Open ashishaon opened 7 years ago
Are you looking for client side or server side? For client side, create a public static void AddObjectAuthorizationRules()
method in your class and use Csla.Rules.BusinessRules.AddRule to add authorization rules for the type.
For server side, you can do the check yourself at the top of the DataPortal_XYZ method, but I think there's a way to do this prior too, although I'm don't recall at the moment. The ebooks should have all this documented.
Yes, the Using CSLA 4 ebook covers this - there's an interface you can implement so your authorization logic runs immediately after the request to the server has been deserialized, and before any actual work occurs. The idea is that you have the opportunity to examine the deserialized request and decide whether to allow it to proceed.
Thanks. I have implemented IAuthorizeDataPortal whose implementation logic is called on each Data portal request.

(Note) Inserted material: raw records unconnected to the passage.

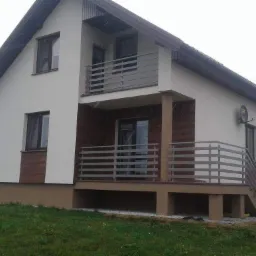 Dwupiętrowy dom z balkonem na piętrze i tarasem na parterze, oba zabezpieczone poziomymi, metalowymi barierkami; widoczne schody prowadzące na taras.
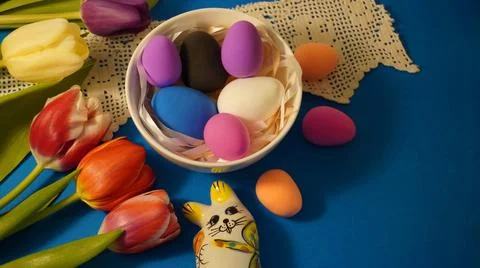 Easter with colored chicken eggs in a white plate with a porcelain rabbit figuri Foto stock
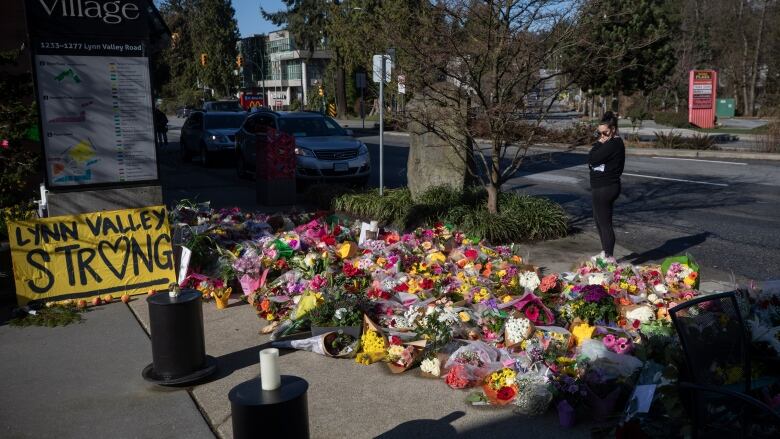 A woman dressed in black with dark hair and dark sunglasses stands in front of a pile of colourful bouquets laid in a pile on a concrete sidewalk on a sunny day. A yellow sign with 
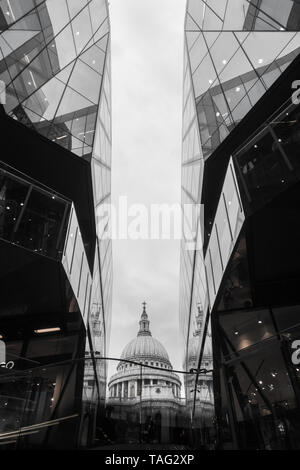 A view of St Paul's Cathedral roof dome looking up an between two modern glass buildings One New Change shopping contrast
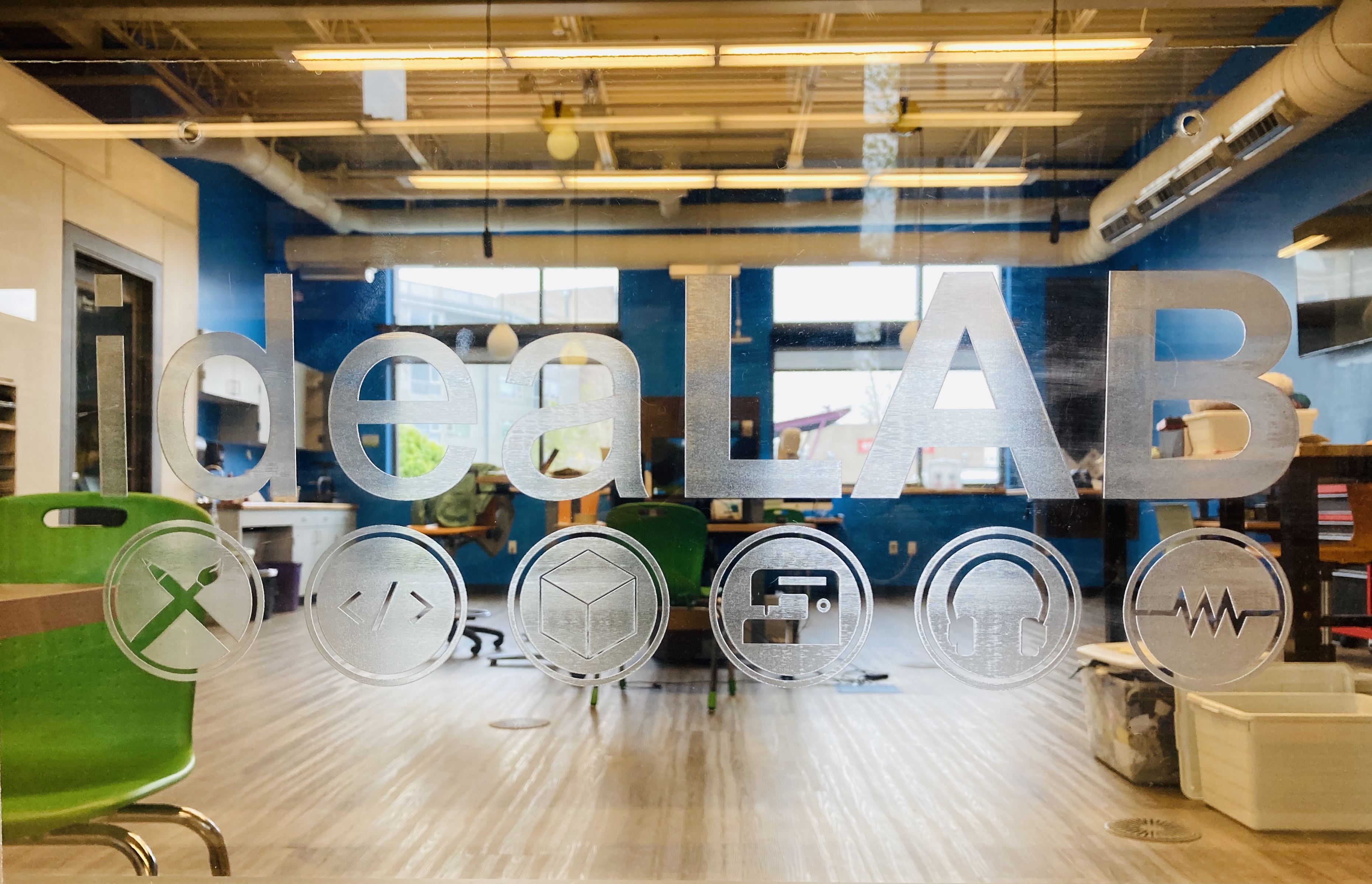 Close up of the word "ideaLAB" etched on to transparent acrylic. Through it, one can see the tables, chairs, and computers inside the Sam Gary Branch ideaLAB.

Yes, that interface only runs as Rocky said on the server side after deserializing the message.
I thought there was another location you could add the logic into the DP pipeline, but I could be mistaken. Or as I said you can put a check at the top of each DP_XYZ method and throw if the user lacks permissions.

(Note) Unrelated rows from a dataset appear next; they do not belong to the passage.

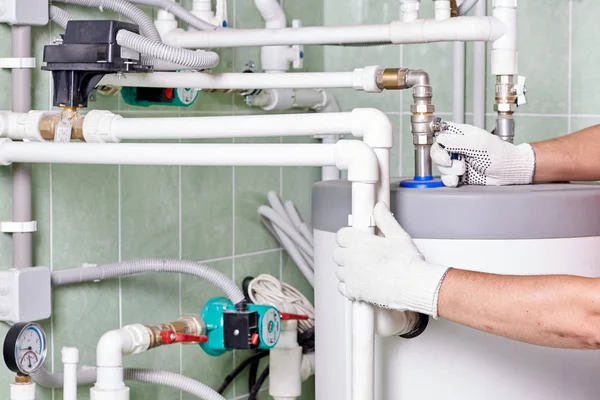 ボイラー室で加熱パイプを制御する技術者 水のメンテナンスの仕事をしていると 暖房配管 — ストック写真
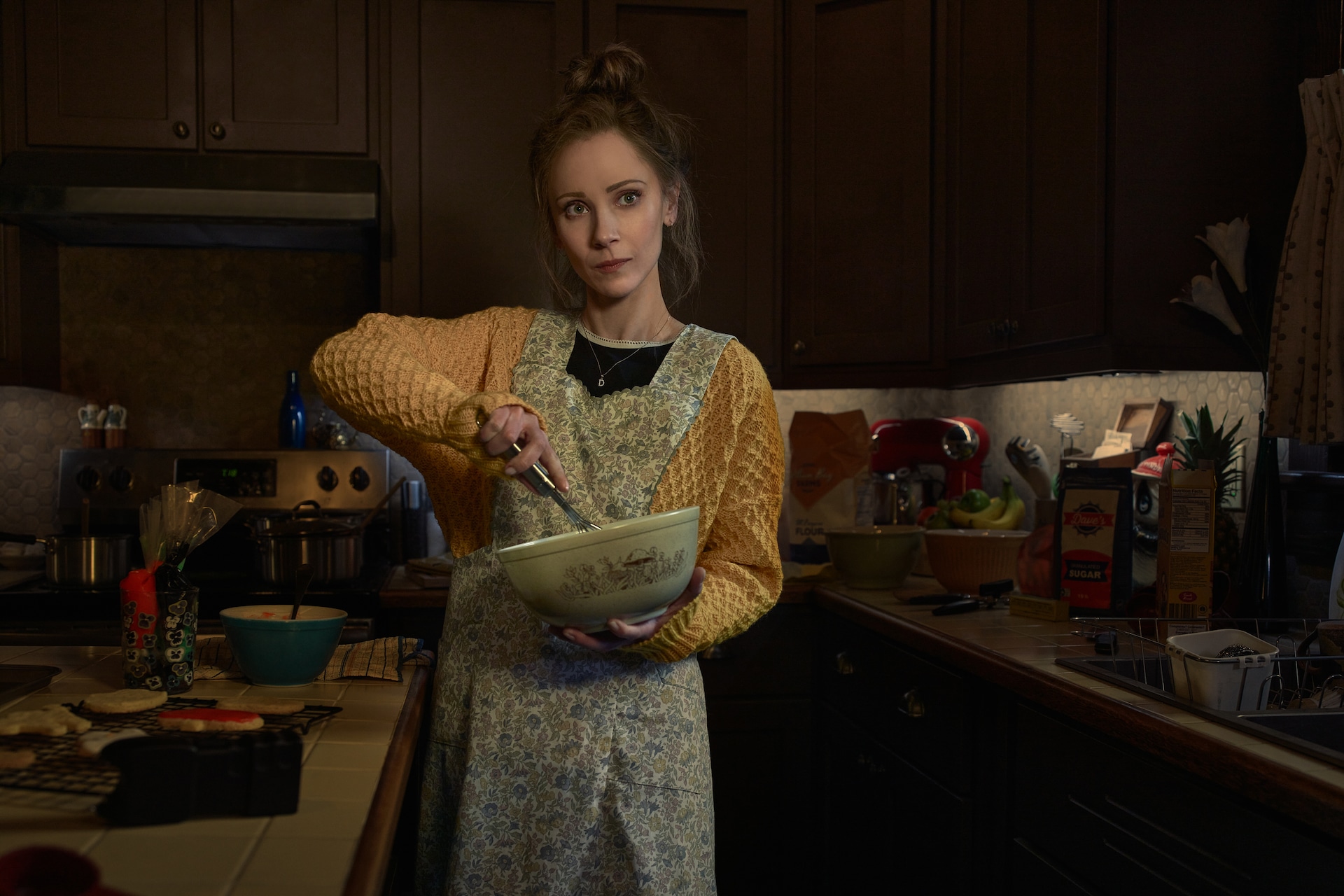 Dorothy “Dot” Lyon in kitchen with a battering bowl.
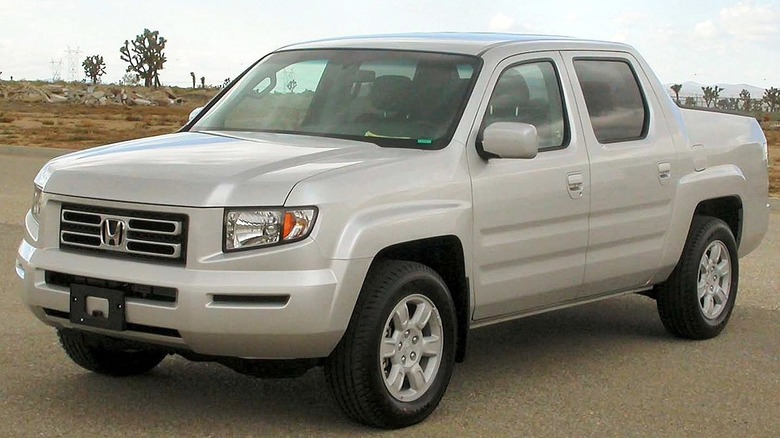 Silver Honda Ridgeline pickup in front of desert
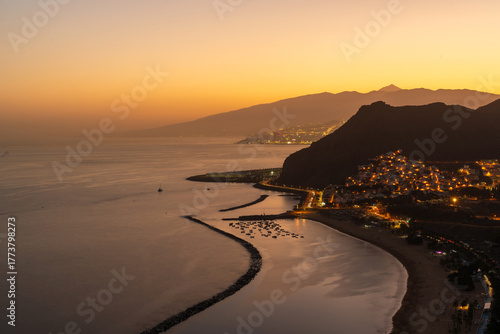 Sunset over the Atlantic Ocean with Mount Teide in the background, Tenerife, Canary Islands, Spain. Beautiful golden light illuminating the sky and sea, capturing the island’s volcanic landscape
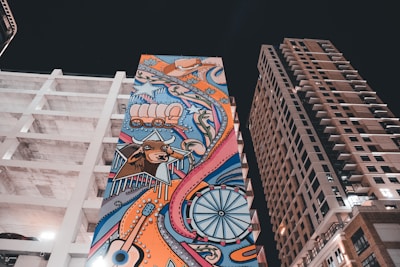A tall, colorful mural is painted on the side of a building, featuring a variety of imagery including a bull's head, a covered wagon, and a star. The artwork incorporates swirling patterns and vibrant colors, set against a night sky. The surrounding area includes modern, mid-rise buildings with geometric architectural designs.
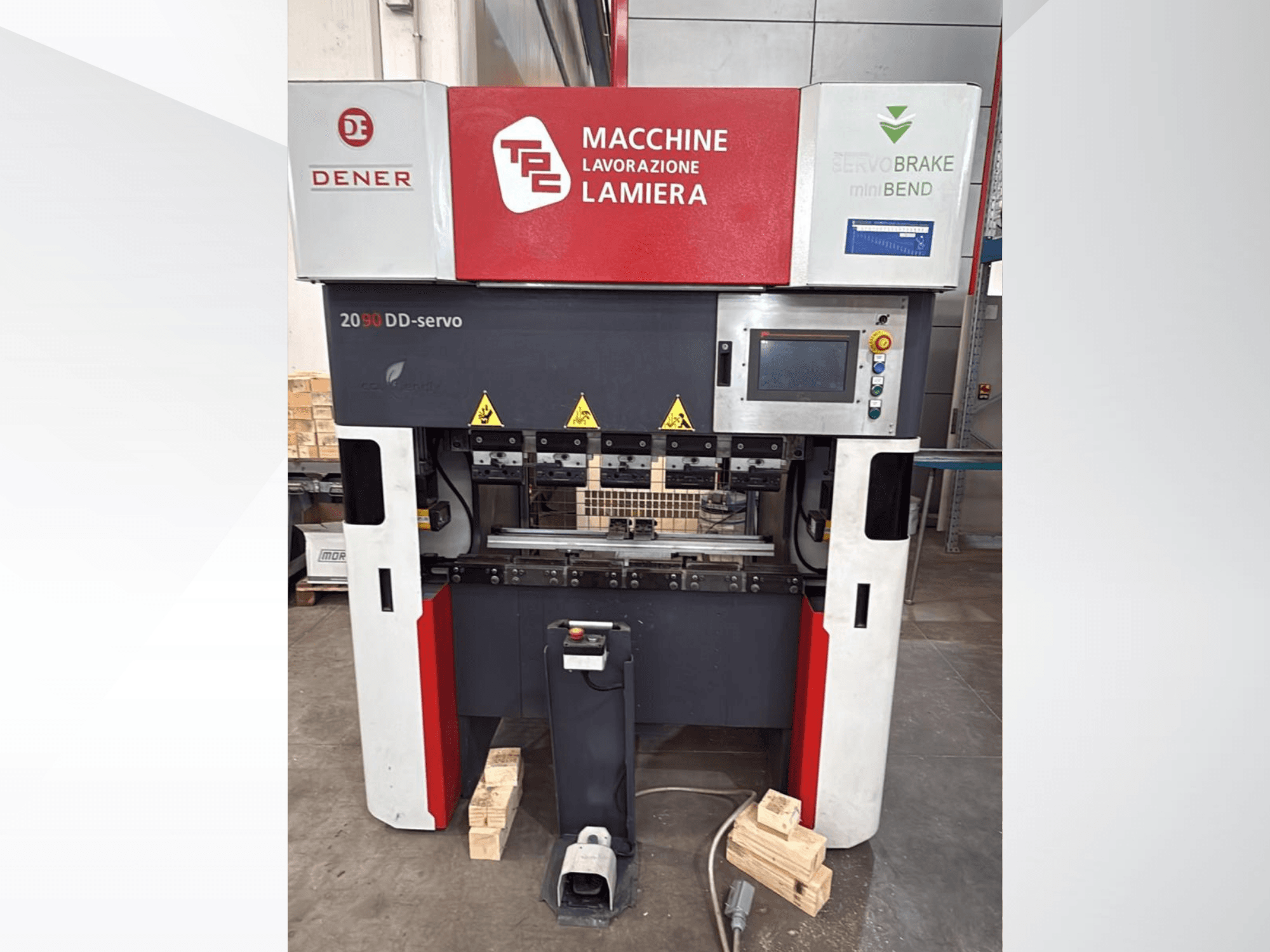 DENER DDS 2090 kantpress sett framifrån, med kontrollpanel, säkerhetsetiketter och stöd på träunderlag.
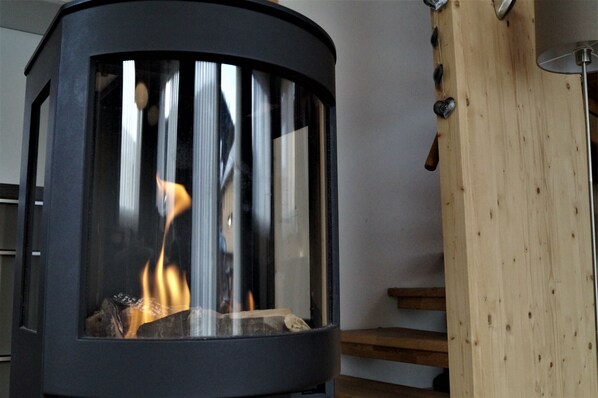 Una chimenea moderna con frente de vidrio, escalones de madera y barandilla de metal.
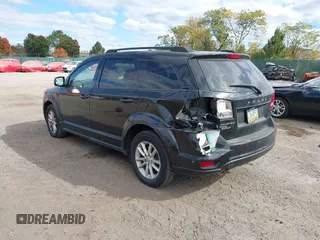 2013 Dodge Journey SXT with VIN 3C4PDDBG7DT553130, listed as a IAAI auction lot 40570369 with Not Provided miles and . Bid and sale history available at DreamBid. Image 3.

This post shows how you can inject dependencies server side as part of the pipeline; maybe you can adapt it to do the security checks you want. https://magenic.com/thinking/abstractions-in-csla
Hi, One suggestion I need in this approach. As I implementing some custom authentication in it & I need some dependency like DAL or command in the implementation class of authorization logic so how can I inject or resolve any dependency in it?
If you need to do data access from the authorizer, you could create a Csla command object and use it in the authorizer. The authorizer only runs when server side data portal code first starts running, so once you're on the server calling another Csla object won't trigger the authorizer again. This command object would likely not have any security associated with it so should be fine. Injecting dependencies can be done a few different ways, one is documented in the blog link. Another (and the way I'm using) is to use a service locator pattern within the DP_XYZ methods only.
Thanks. I have completed the implementation part, Now I want to unit test it. I tried simply by having a data portal call in a test method but it is not routing to my authorization implementation logic. So, how can I unit test it?
Which part are you trying to test? The IAuthorizeDataPortal
implementation, or the command object you are invoking to do the work?
I want to run an authorization logic before any Dataportal_XYZ. Which place I can intercept in CSLA pipeline.